‘Multi-SpaM’: a maximum-likelihood approach to phylogeny reconstruction using multiple spaced-word matches and quartet trees

Dencker, Thomas; Leimeister, Chris-Andre; Gerth, Michael; Bleidorn, Christoph; Snir, Sagi; Morgenstern, Burkhard

Journal Article

‘Multi-SpaM’: a maximum-likelihood approach to phylogeny reconstruction using multiple spaced-word matches and quartet trees

Abstract

Word-based or ‘alignment-free’ methods for phylogeny inference have become popular in recent years. These methods are much faster than traditional, alignment-based approaches, but they are generally less accurate.

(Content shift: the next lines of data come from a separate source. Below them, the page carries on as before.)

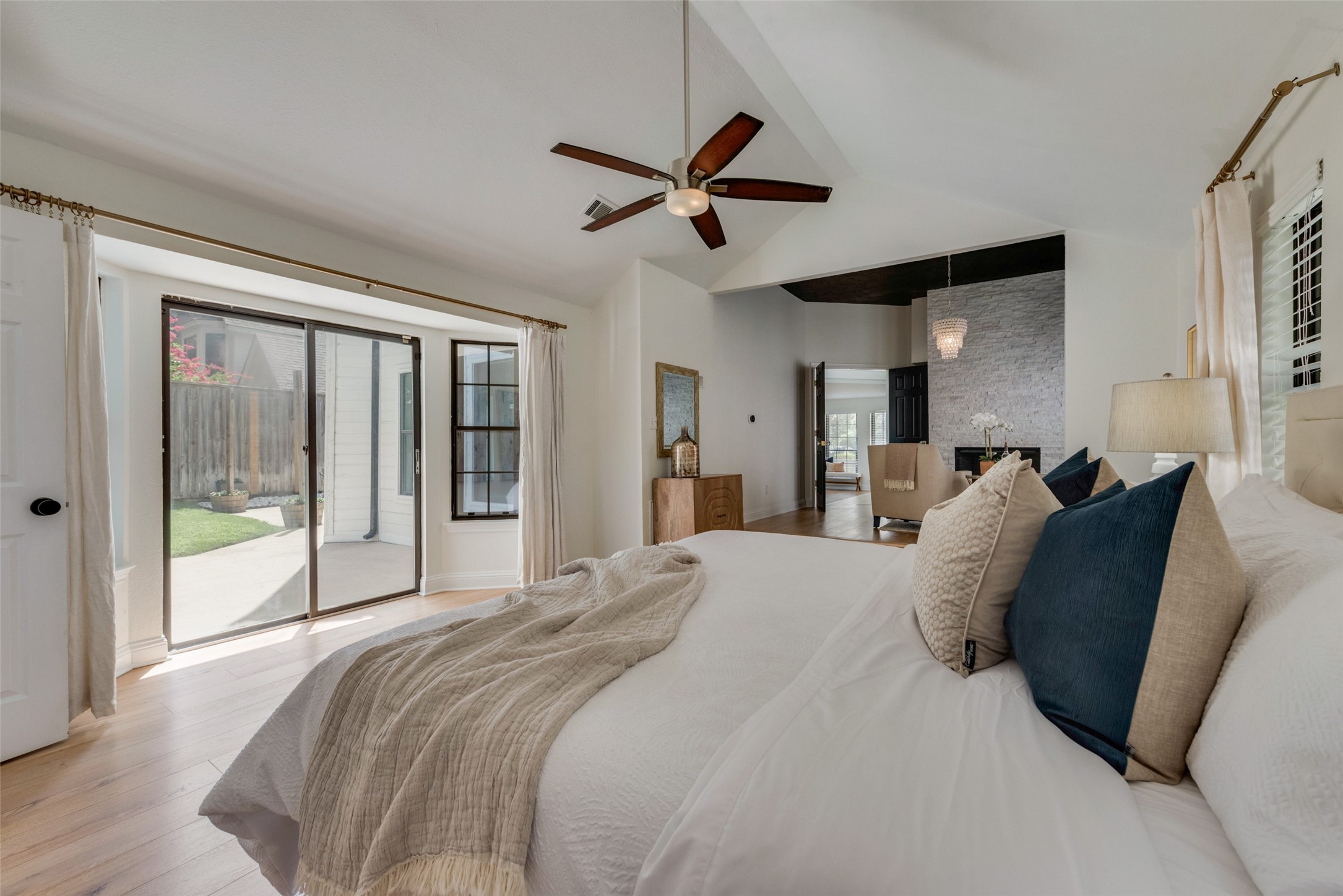 6043 Windbreak Trail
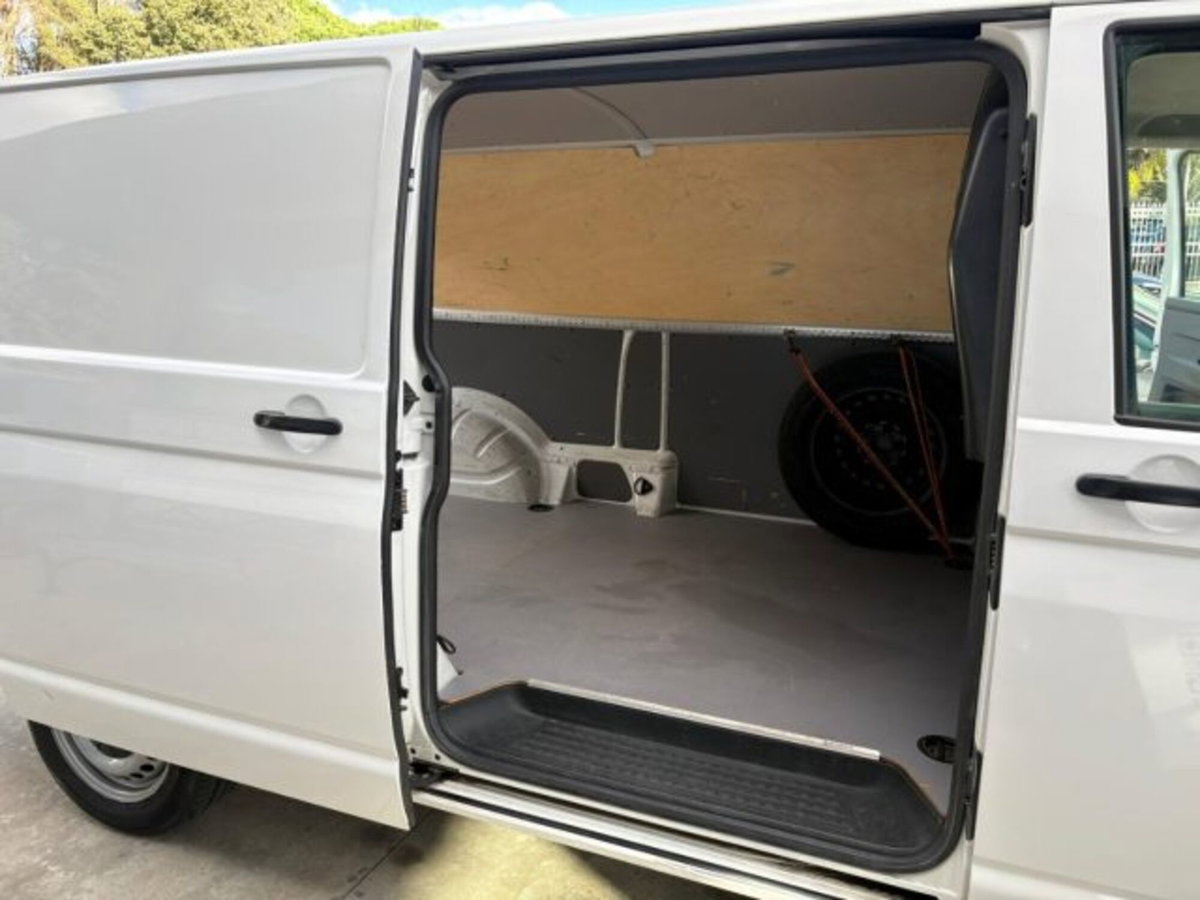 Volkswagen Veicoli Commerciali Transporter Furgone 2.0 TDI 150CV PC Furgone (8)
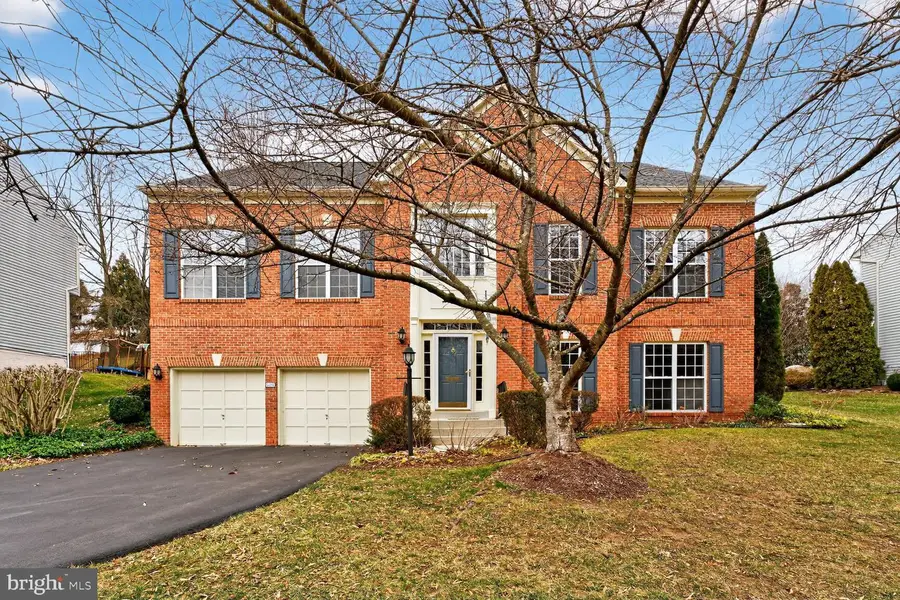 5791 Valley View Dr, Alexandria, VA 22310 - Image #2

Most alignment-free methods calculate ‘pairwise’ distances between nucleicacid or protein sequences; these distance values can then be used as input for tree-reconstruction programs such as neighbor-joining. In this paper, we propose the first word-based phylogeny approach that is based on ‘multiple’ sequence comparison and ‘maximum likelihood’. Our algorithm first samples small, gap-free alignments involving four taxa each. For each of these alignments, it then calculates a quartet tree and, finally, the program ‘Quartet MaxCut’ is used to infer a super tree for the full set of input taxa from the calculated quartet trees. Experimental results show that trees produced with our approach are of high quality.